Die Grüne Uschi Lichtenegger eroberte bei der letzten Wahl völlig überraschend den ersten Platz im zweiten Wiener Bezirk. Nun will die SPÖ Revanche für diese Niederlage.
Wien. Auf dem Papier sind die Positionen in der Leopoldstadt klar bezogen. Die Grünen fuhren 2016 (bei der Wahlwiederholung in der Leopoldstadt) genau 35,34 Prozent und Platz eins ein. Die SPÖ als zweitstärkste Partei lag mit 28,06 Prozent deutlich dahinter. Trotzdem dürfte die Leopoldstadt einer der spannendsten Bezirke bei der Wien-Wahl im Herbst werden – wenn es um die Bezirksvorsteher geht. Denn im zweiten Bezirk will die SPÖ eine Revanche für die herbe und völlig unerwartete Niederlage bei der letzten Bezirksvertretungswahl üben. Erstmals in der Geschichte Wiens erstrahlte der zweite Bezirk damals nicht mehr rot, sondern grün.

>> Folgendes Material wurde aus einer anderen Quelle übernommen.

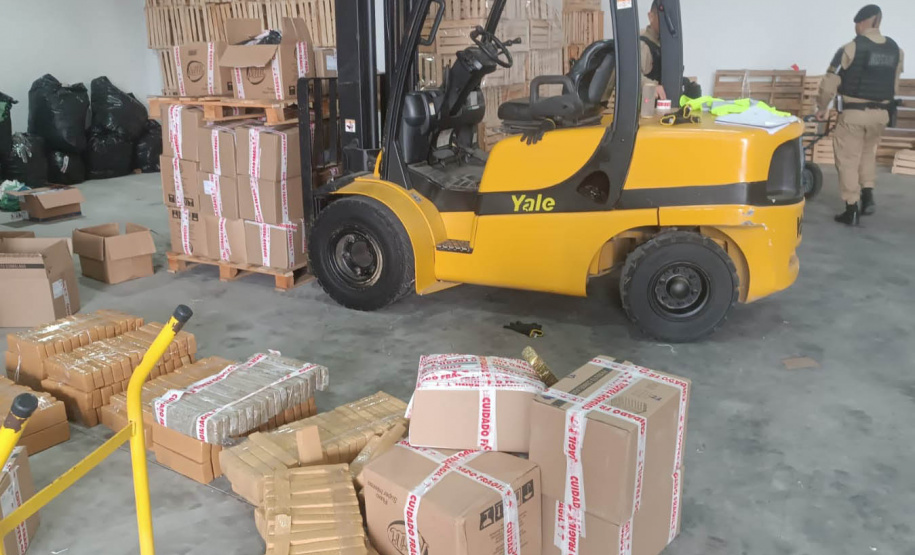 2,8 toneladas apreendidas: grupo tinha até empilhadeira para estocar drogas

Die SPÖ hadert seitdem mit ihrem Schicksal. Denn es war die Wahlwiederholung in der Leopoldstadt, die der Bürgermeisterpartei unerwartet den Bezirksvorsteher-Posten gekostet hatte. Auslöser der Wahlwiederholung war eine erfolgreiche Anfechtung des Bezirkswahlergebnisses durch die FPÖ. Denn es gab (wieder einmal in Österreich) Probleme mit den Wahlkarten. Auch heuer ist dank der Wohnsitzdebatte von Heinz-Christian Strache bereits vor der Wahl eine Anfechtung nicht ganz ausgeschlossen.
Rote Festung seit 1945
Seit dem Zweiten Weltkrieg war die Leopoldstadt eine rote Festung. So war es auch bei der ersten, später aufgehobenen Bezirksvertretungswahl. Die SPÖ verteidigte (wie erwartet) ihre Spitzenposition im zweiten Bezirk mit 38,64 Prozent souverän, während sich Grüne und Freiheitliche, mit fast 17 Prozent Abstand, ein Kopf-an-Kopf-Rennen lieferten. Mit der Wahlwiederholung schlitterte die SPÖ in ein Desaster, nachdem sie ihr Klientel nicht mobilisieren konnte. Und die Grünen Anleihe an einer alten SPÖ-Taktik nahmen: Sie inszenierten ein Duell „Gut gegen Böse“. Das grüne Signal: Die SPÖ habe bereits gewonnen, im zweiten Bezirk dürfe aber nicht die FPÖ zweiter werden; es gehe um eine Grundsatzentscheidung zwischen einem offenen, liberalen Bezirk und der FPÖ.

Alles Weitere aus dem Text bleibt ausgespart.